#### WHAT NEEDS TO BE DONE
Transcribe word for word the section of the records below that opens with the line containing "I want the operations" and closes with the line containing "Hey guys, in"; drop every picture.

#### DATA

□ □ □ □ □ □ □

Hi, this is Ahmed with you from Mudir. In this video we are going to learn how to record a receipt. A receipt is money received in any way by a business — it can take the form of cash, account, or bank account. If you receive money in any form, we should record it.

□ □ □ □ □ □ □

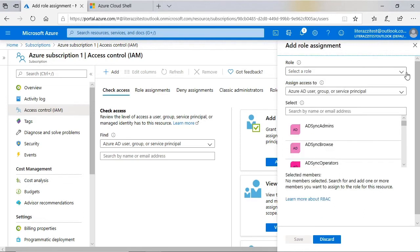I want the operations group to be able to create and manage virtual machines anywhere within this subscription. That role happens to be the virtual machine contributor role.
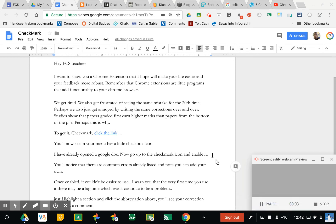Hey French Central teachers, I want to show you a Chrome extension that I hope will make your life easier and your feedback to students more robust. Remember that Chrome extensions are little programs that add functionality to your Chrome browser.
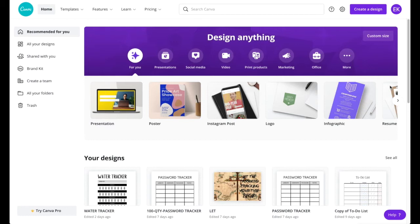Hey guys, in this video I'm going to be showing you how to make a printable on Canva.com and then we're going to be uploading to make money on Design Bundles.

□ □ □ □ □ □ □

#### SOLUTION FOR THIS EXERCISE
I want the operations group to be able to create and manage virtual machines anywhere within this subscription. That role happens to be the virtual machine contributor role.
Hey French Central teachers, I want to show you a Chrome extension that I hope will make your life easier and your feedback to students more robust. Remember that Chrome extensions are little programs that add functionality to your Chrome browser.
Hey guys, in this video I'm going to be showing you how to make a printable on Canva.com and then we're going to be uploading to make money on Design Bundles.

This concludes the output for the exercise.